* DATASET
▬▬▬▬▬▬

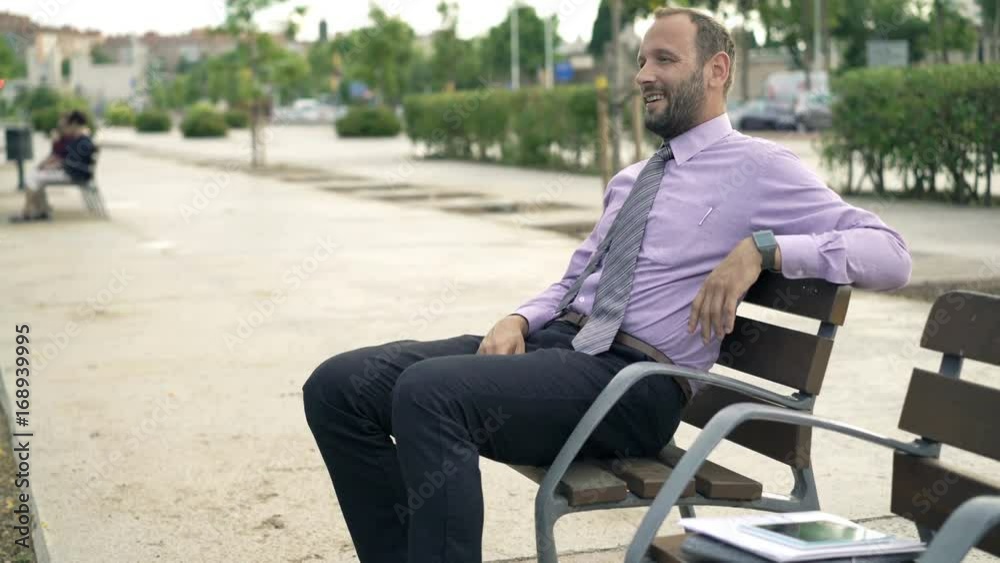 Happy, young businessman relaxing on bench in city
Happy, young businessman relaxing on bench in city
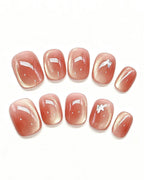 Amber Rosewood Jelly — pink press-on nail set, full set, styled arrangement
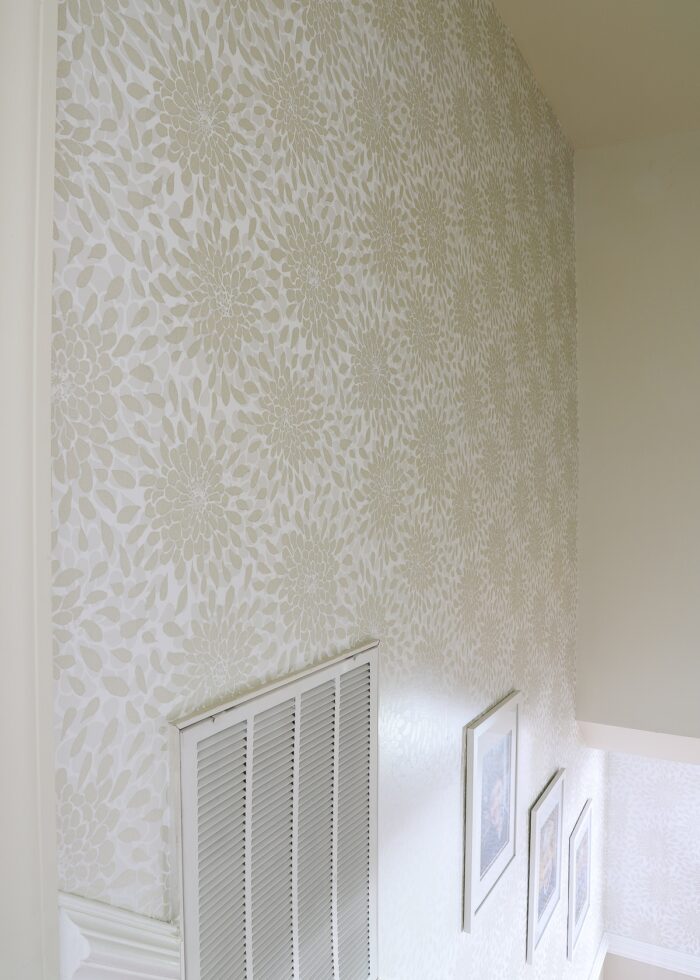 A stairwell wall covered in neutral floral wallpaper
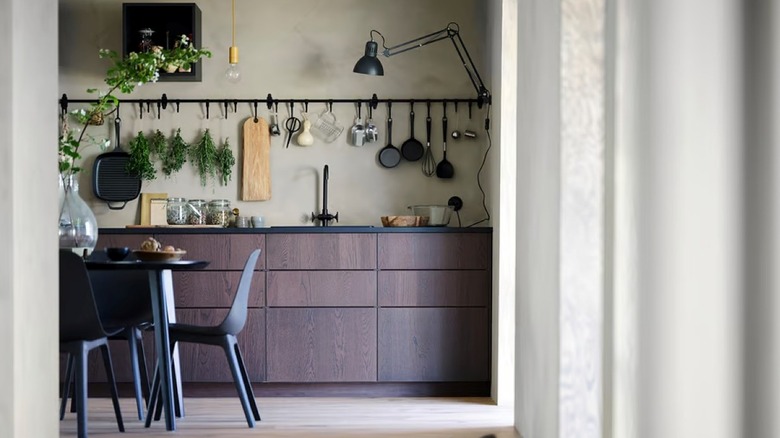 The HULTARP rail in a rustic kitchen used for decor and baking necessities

▬▬▬▬▬▬

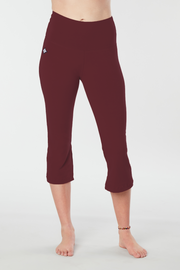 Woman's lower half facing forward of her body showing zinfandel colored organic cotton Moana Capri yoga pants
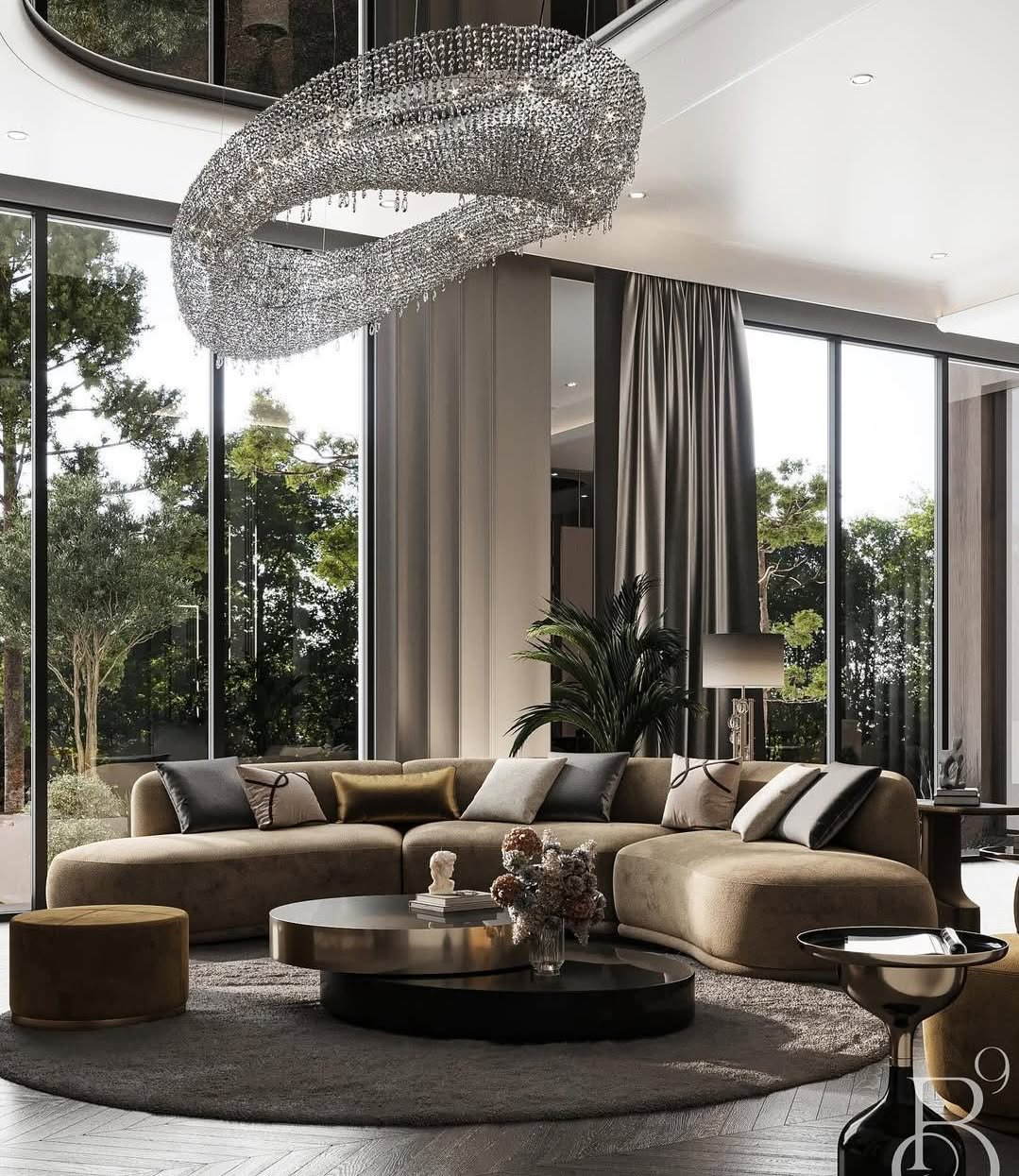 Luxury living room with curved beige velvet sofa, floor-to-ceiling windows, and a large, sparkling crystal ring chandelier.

▬▬▬▬▬▬

Return only the stretch above from the line containing "Woman's lower half" through the line containing "Luxury living room", word for word and without pictures.

 Woman's lower half facing forward of her body showing zinfandel colored organic cotton Moana Capri yoga pants
 Luxury living room with curved beige velvet sofa, floor-to-ceiling windows, and a large, sparkling crystal ring chandelier.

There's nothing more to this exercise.